I was talking with Kim at AH Supply yesterday about another matter and mentioned your post on this site. He said that he had received your email and that you were not putting the two 55 watt systems end to end but side to side. They will fit just fine that way, I misunderstood how you were planning the install. I hope you like your system as much as I like mine!


----------



## Snydaleid

Ok finally got it all finished. I had so much goin on that I didn't have much time to put toward this. This is a pretty nice canopy. I'm really happy the way it turned out. The lights are BRIGHT! I used a piano hinge and blocks of wood instead of the L brackets. Here's what mine looks like.


----------



## helgymatt

Seattle_Aquarist said:


> Hi Snydaleid,
> 
> I was talking with Kim at AH Supply yesterday about another matter and mentioned your post on this site. He said that he had received your email and that you were not putting the two 55 watt systems end to end but side to side. They will fit just fine that way, I misunderstood how you were planning the install. I hope you like your system as much as I like mine!

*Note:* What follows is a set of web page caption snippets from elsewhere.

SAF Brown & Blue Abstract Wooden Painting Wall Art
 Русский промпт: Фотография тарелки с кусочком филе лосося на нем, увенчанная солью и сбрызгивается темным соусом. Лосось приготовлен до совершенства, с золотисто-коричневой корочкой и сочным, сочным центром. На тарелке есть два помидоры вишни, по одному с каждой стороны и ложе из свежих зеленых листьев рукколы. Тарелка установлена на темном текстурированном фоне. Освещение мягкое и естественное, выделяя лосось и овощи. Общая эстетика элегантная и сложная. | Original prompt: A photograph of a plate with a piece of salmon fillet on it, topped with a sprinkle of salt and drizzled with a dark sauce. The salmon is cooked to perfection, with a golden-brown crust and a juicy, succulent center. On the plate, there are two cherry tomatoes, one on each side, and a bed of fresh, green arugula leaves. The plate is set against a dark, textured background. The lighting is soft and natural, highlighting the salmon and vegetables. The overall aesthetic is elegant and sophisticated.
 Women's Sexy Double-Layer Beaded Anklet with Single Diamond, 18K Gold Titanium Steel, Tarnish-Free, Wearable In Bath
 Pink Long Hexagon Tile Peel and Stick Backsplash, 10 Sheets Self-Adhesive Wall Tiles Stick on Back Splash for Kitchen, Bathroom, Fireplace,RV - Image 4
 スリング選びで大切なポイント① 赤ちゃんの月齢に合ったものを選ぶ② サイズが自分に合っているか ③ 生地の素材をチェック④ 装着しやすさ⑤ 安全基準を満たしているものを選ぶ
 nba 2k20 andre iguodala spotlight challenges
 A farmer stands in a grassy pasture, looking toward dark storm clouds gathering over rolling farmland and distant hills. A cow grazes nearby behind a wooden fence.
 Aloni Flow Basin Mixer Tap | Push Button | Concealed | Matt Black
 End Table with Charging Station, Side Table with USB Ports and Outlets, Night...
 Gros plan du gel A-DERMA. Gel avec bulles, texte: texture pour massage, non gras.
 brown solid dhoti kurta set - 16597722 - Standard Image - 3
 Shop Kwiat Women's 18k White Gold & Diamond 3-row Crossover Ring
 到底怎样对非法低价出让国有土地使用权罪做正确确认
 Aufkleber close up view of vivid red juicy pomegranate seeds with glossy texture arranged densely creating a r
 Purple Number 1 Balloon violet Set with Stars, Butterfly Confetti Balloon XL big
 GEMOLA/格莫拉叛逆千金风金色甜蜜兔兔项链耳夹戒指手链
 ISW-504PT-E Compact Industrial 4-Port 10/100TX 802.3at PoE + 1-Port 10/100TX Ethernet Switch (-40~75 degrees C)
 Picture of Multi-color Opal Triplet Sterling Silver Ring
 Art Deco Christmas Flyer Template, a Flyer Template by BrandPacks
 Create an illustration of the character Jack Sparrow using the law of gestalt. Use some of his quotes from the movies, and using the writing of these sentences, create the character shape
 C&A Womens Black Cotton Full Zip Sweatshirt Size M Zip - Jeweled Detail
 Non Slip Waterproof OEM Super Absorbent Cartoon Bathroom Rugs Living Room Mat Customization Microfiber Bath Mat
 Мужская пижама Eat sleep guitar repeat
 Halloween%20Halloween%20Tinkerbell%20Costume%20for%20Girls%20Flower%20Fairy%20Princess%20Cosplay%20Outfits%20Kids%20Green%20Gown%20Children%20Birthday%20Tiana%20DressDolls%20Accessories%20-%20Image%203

:clap2: :cheer2: Nice job, that looks very nice. I'm very glad I could help you out!


----------



## Vadimshevchuk

Is this thread dead? I love the ah prices but bulbs dont last to long! Not bad for a canopy idea! any updates after a year on how they work?


----------



## Cliff Mayes

I have been using the AH light fixtures for a couple of years but I bought the GE lights (from somewhere else) that everyone seems to recommend and they have been working OK for a couple of years.

A hood can be made from thin Luan that is cut with a utility knife with many cuts rather than trying to force the blade thru. Corner support can be from one bys that have been ripped into narrow strips. Do not try to use metal fasteners such as nails of screws to hold the structure together unless the metal fasteners are just to hold the boards until the glue dries. Just about any wood glue works. A shallow box is better than a deep box so make it as small as you can. Making sure that the AH kit will fit in the box is about the only problem.

Luan (which is inexpensive) or any other thin board has a lot of strength to make stands so 2 X 4's (which are also cheap) are overkill in stand making as far as holding the water weight. Even a one by six can hold a lot of weight but on a large tank it it is probably a good ides to use some larger boards. I would be more concerned with putting a large tank (very heavy) on a floor that someone has messed with. It is difficult to understand the foolishness some folks will do to an existing structure so do not get blindsided by a tank ending up in the Cellar inadvertently. It would be unusual for a small tank (10/20 gallons or less) to break thru a floor but it could happen.


----------